About this task =>
The data below should be restated word for word, pictures omitted.

Input for this task =>
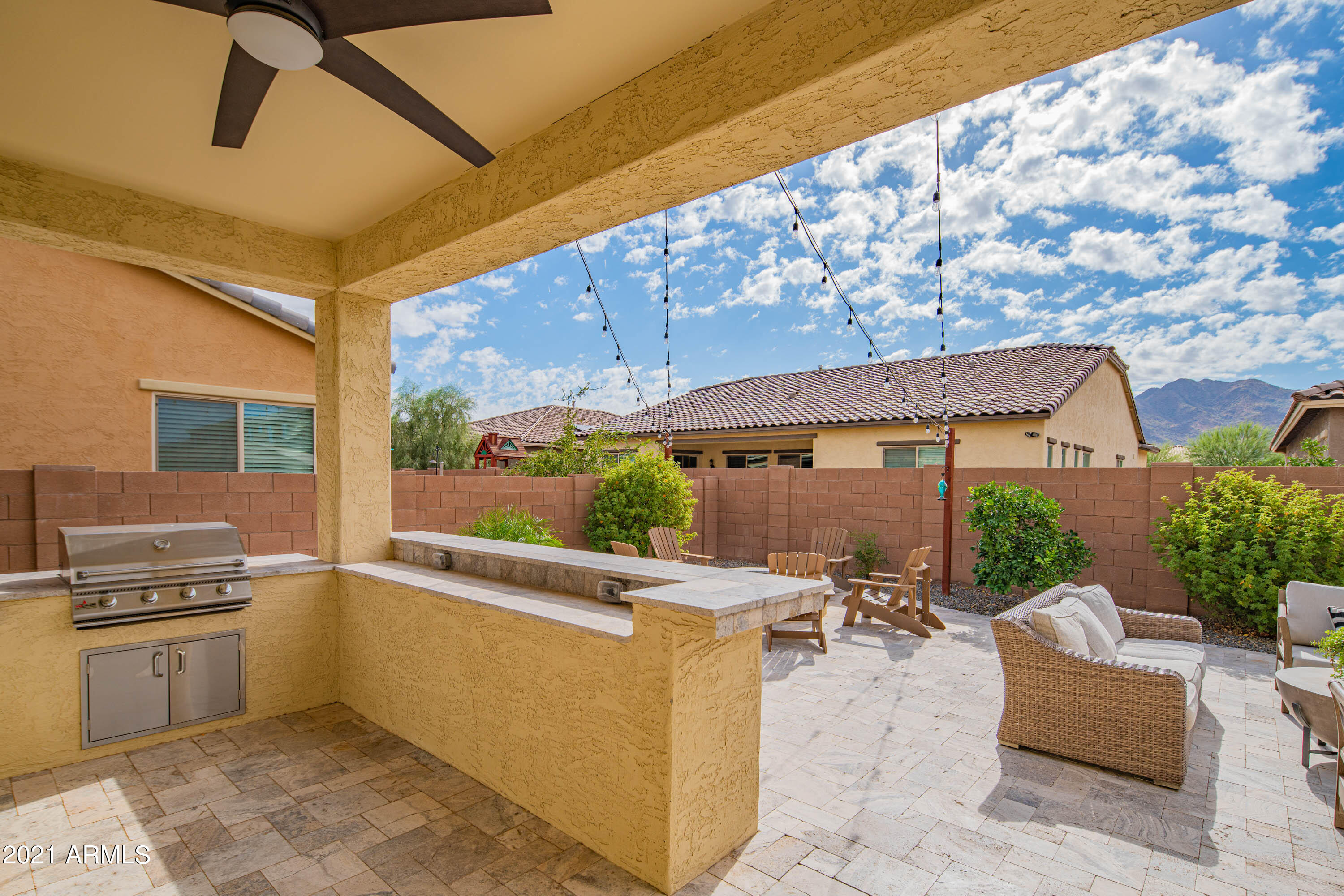 2655 East Stacey Road Gilbert, AZ 85298 - Photo 50 of 70 Built-in Gas BBQ & Bar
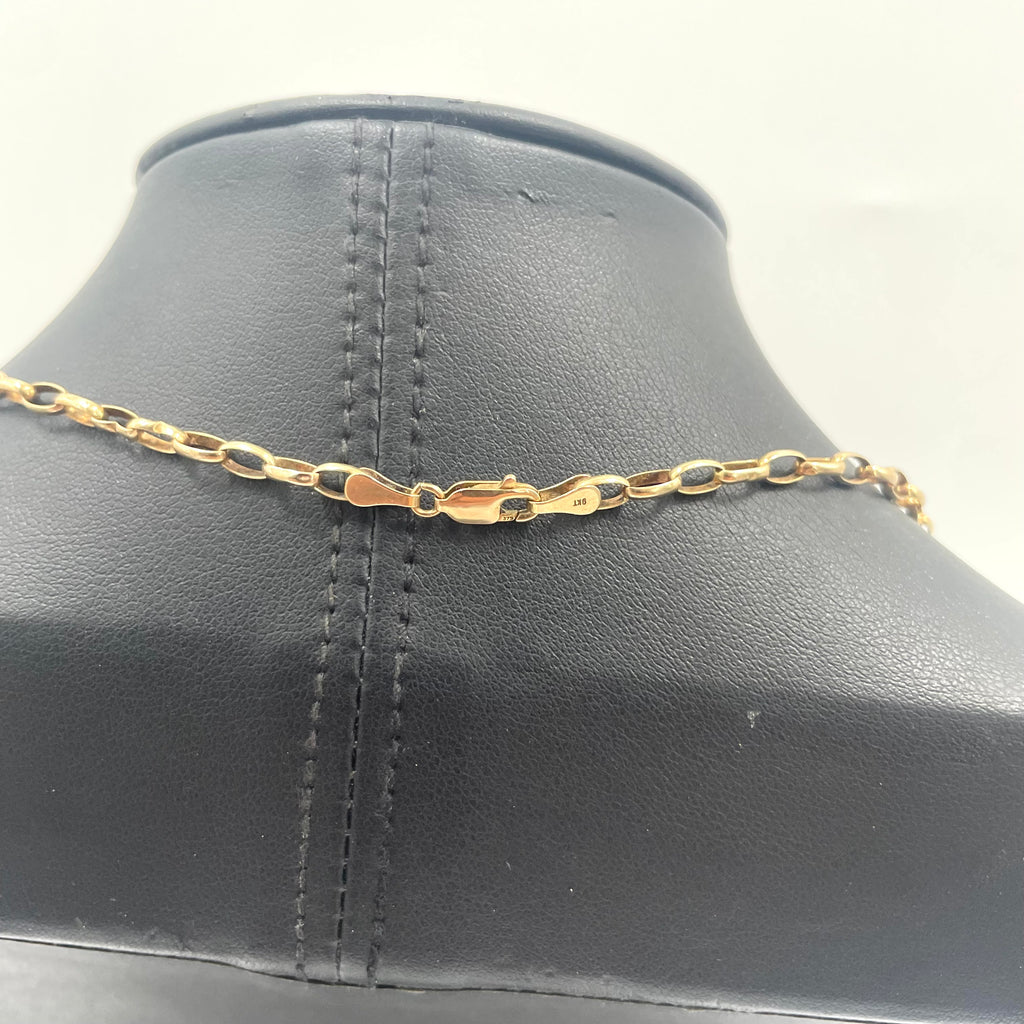 9ct Gold Oval Link Chain 20" 3mm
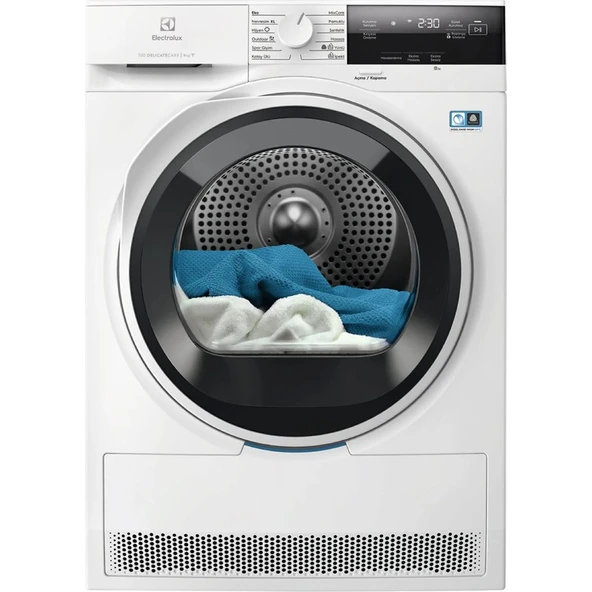 Electrolux EW7D394UCT Delicatecare 700 9 kg Inverter Wi-Fi Isı Pompalı Kurutma Makinesi ürün görseli 1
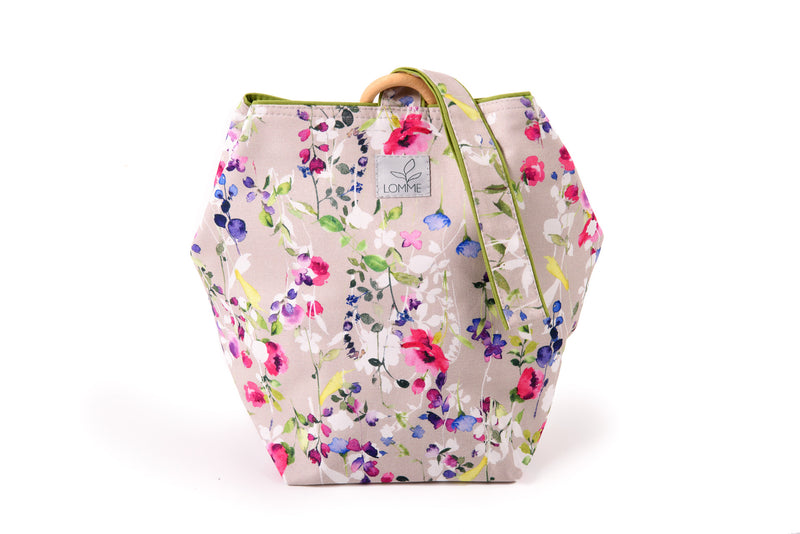 lomme tote bag romantic flower
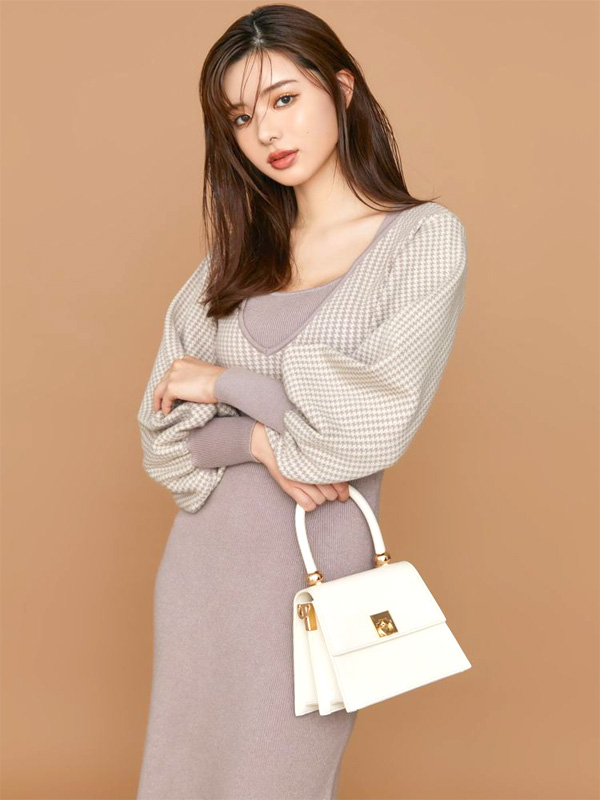 RESEXXY リゼクシー ハウンドトゥースニットワンピース 秋冬 きれいめ レディース ワンピース ワンピ ニットワンピ マーメイドシルエット 千鳥柄 152410369301の通販は RESEXXY リゼクシー ハウンドトゥースニットワンピース 秋冬 きれいめ レディース ワンピース ワンピ ニットワンピ マーメイドシルエット 千鳥柄 152410369301の通販は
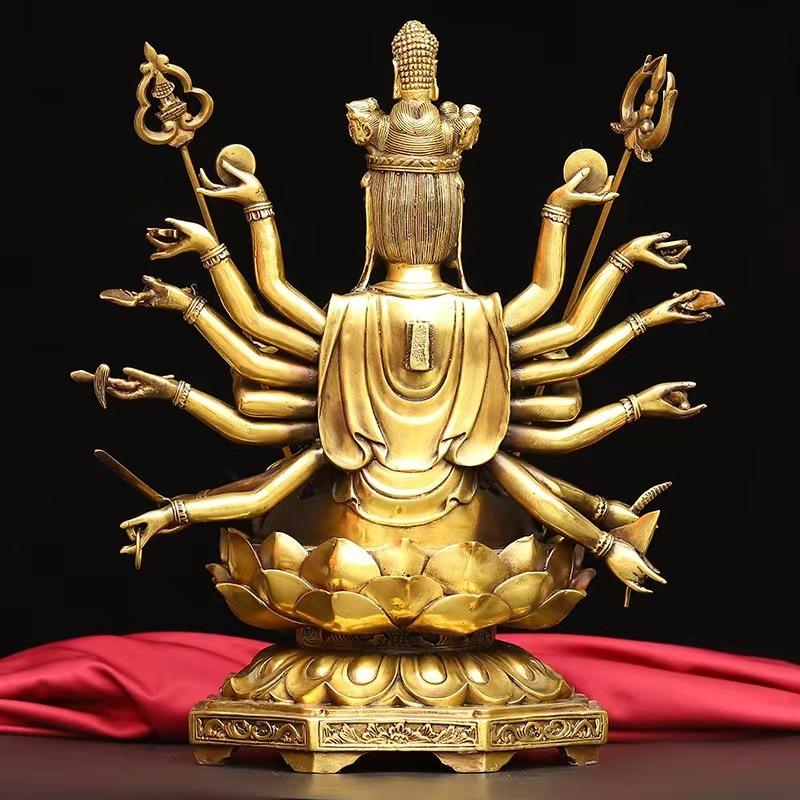 水月観音 観音 菩薩 像 仏像 石 彫刻 開運 健康運 金運 財運 家庭運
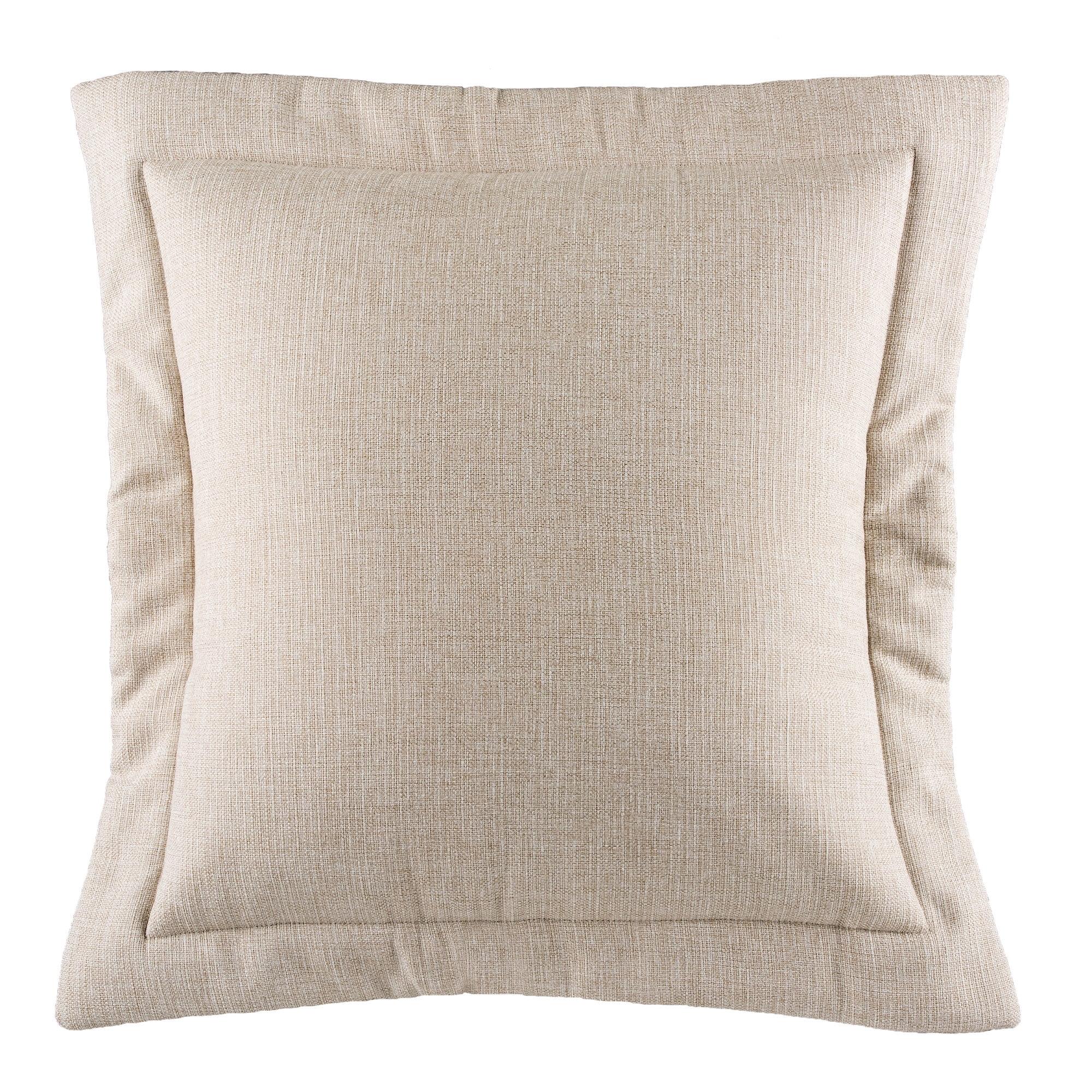 Cream Textured Polyester Euro Sham with Envelope Closure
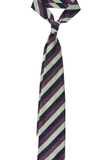 Navy Cream Club Stripe Cashmere Tie Set
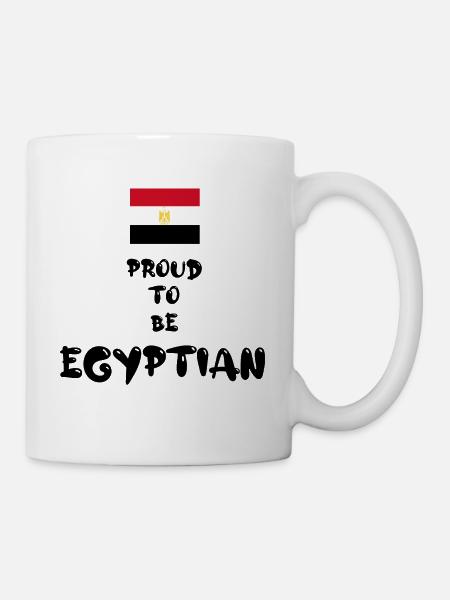 « Fier d’être égyptien » - Mug blanc - blanc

Answer section =>
 2655 East Stacey Road Gilbert, AZ 85298 - Photo 50 of 70 Built-in Gas BBQ & Bar
 9ct Gold Oval Link Chain 20" 3mm
 Electrolux EW7D394UCT Delicatecare 700 9 kg Inverter Wi-Fi Isı Pompalı Kurutma Makinesi ürün görseli 1
 lomme tote bag romantic flower
 RESEXXY リゼクシー ハウンドトゥースニットワンピース 秋冬 きれいめ レディース ワンピース ワンピ ニットワンピ マーメイドシルエット 千鳥柄 152410369301の通販は RESEXXY リゼクシー ハウンドトゥースニットワンピース 秋冬 きれいめ レディース ワンピース ワンピ ニットワンピ マーメイドシルエット 千鳥柄 152410369301の通販は
 水月観音 観音 菩薩 像 仏像 石 彫刻 開運 健康運 金運 財運 家庭運
 Cream Textured Polyester Euro Sham with Envelope Closure
 Navy Cream Club Stripe Cashmere Tie Set
 « Fier d’être égyptien » - Mug blanc - blanc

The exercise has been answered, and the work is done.